Provided an Iterable containing possible models, and the directory where they have been dumped.

Load the first instance of model that matches the provided object ID.

Parameters

output_directory: DirectoryPath The root directory where all model instances of interest are stored object_id: String The ID of the model instance models: Iterable[type[NumpyModel]] All NumpyModel instances of interest, note that they should have differing names not_found_error: bool If True, throw error when the respective model instance was not found load_kwargs Key-word arguments to pass to the load function

Returns:

NumpyModel instance if found

Source code in mbodied/types/ndarray.py

def model_agnostic_load(
    output_directory: DirectoryPath,
    object_id: str,
    models: Iterable[type[NumpyModel]],
    not_found_error: bool = False,
    **load_kwargs,
) -> Optional[NumpyModel]:
    """Provided an Iterable containing possible models, and the directory where they have been dumped.

     Load the first
    instance of model that matches the provided object ID.

    Parameters
    ----------
    output_directory: DirectoryPath
        The root directory where all model instances of interest are stored
    object_id: String
        The ID of the model instance
    models: Iterable[type[NumpyModel]]
        All NumpyModel instances of interest, note that they should have differing names
    not_found_error: bool
        If True, throw error when the respective model instance was not found
    load_kwargs
        Key-word arguments to pass to the load function

    Returns:
    -------
    NumpyModel instance if found
    """
    for model in models:
        if model.model_directory_path(output_directory, object_id).exists():
            return model.load(output_directory, object_id, **load_kwargs)

    if not_found_error:
        msg = (
            f"Could not find NumpyModel with {object_id} in {output_directory}."
            f"Tried from following classes:\n{', '.join(model.__name__ for model in models)}"
        )
        raise FileNotFoundError(
            msg,
        )

    return None

`np_general_all_close(arr_a, arr_b, rtol=1e-05, atol=1e-08)`

Data type agnostic function to define if two numpy array have elements that are close.

Parameters

arr_a: npt.NDArray arr_b: npt.NDArray rtol: float See np.allclose atol: float See np.allclose

Returns:

Bool

Source code in mbodied/types/ndarray.py

def np_general_all_close(arr_a: npt.NDArray, arr_b: npt.NDArray, rtol: float = 1e-05, atol: float = 1e-08) -> bool:
    """Data type agnostic function to define if two numpy array have elements that are close.

    Parameters
    ----------
    arr_a: npt.NDArray
    arr_b: npt.NDArray
    rtol: float
        See np.allclose
    atol: float
        See np.allclose

    Returns:
    -------
    Bool
    """
    return _np_general_all_close(arr_a, arr_b, rtol, atol)

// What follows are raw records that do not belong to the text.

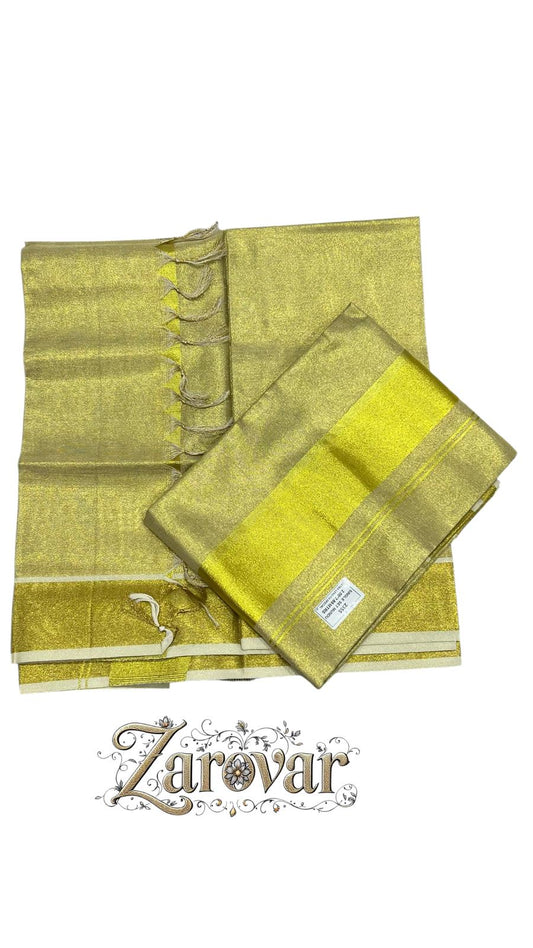 Golden Tissue silk Glow Fancy Set Mundu with 2-inch Border Elegance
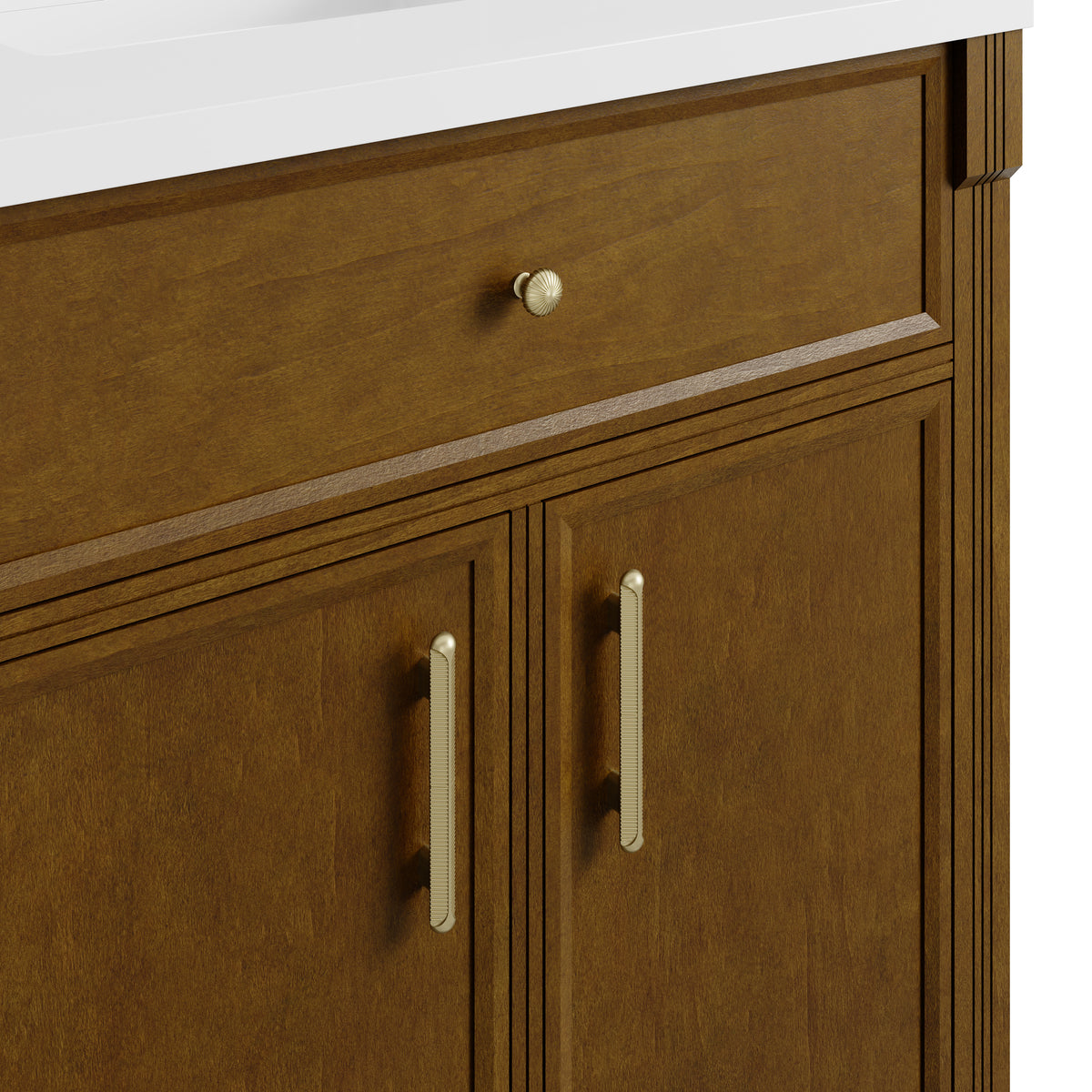 James Martin Vanities Bellshire 84" Honey Oak Dual Vanity Set With 3 cm Eternal Jasmine Pearl Silestone Top and 24" Make-Up Counter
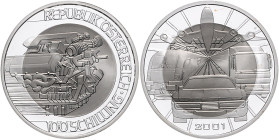 Österreich. 
Zweite Republik seit 1945. 100 Schilling 2001, Silber/Titan, Mobilität. in Orig.-Kapsel. 

PP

`validate_multi_array_numpy_file(v)`

Validation function for loading numpy array from a name mapping numpy file.

Parameters

v: MultiArrayNumpyFile MultiArrayNumpyFile to load

Returns:

NDArray from MultiArrayNumpyFile

Source code in mbodied/types/ndarray.py

def validate_multi_array_numpy_file(v: MultiArrayNumpyFile) -> npt.NDArray:
    """Validation function for loading numpy array from a name mapping numpy file.

    Parameters
    ----------
    v: MultiArrayNumpyFile
        MultiArrayNumpyFile to load

    Returns:
    -------
    NDArray from MultiArrayNumpyFile
    """
    return v.load()

`validate_numpy_array_file(v)`

Validate file path to numpy file by loading and return the respective numpy array.

Source code in mbodied/types/ndarray.py

def validate_numpy_array_file(v: FilePath) -> npt.NDArray:
    """Validate file path to numpy file by loading and return the respective numpy array."""
    result = np.load(v)

    if isinstance(result, NpzFile):
        files = result.files
        if len(files) > 1:
            msg = (
                f"The provided file path is a multi array NpzFile, which is not supported; "
                f"convert to single array NpzFiles.\n"
                f"Path to multi array file: {result}\n"
                f"Array keys: {', '.join(result.files)}\n"
                f"Use embdata.ndarray.{MultiArrayNumpyFile.__name__} instead of a PathLike alone"
            )
            raise PydanticNumpyMultiArrayNumpyFileOnFilePathError(msg)
        result = result[files[0]]

    return result

Ndarray

MultiArrayNumpyFile dataclass

load()

Returns:

NumpyArray

NumpyModel

load(output_directory, object_id, *, pre_load_modifier=None) classmethod

Parameters

Returns:

create_array_validator(shape, dtype, labels)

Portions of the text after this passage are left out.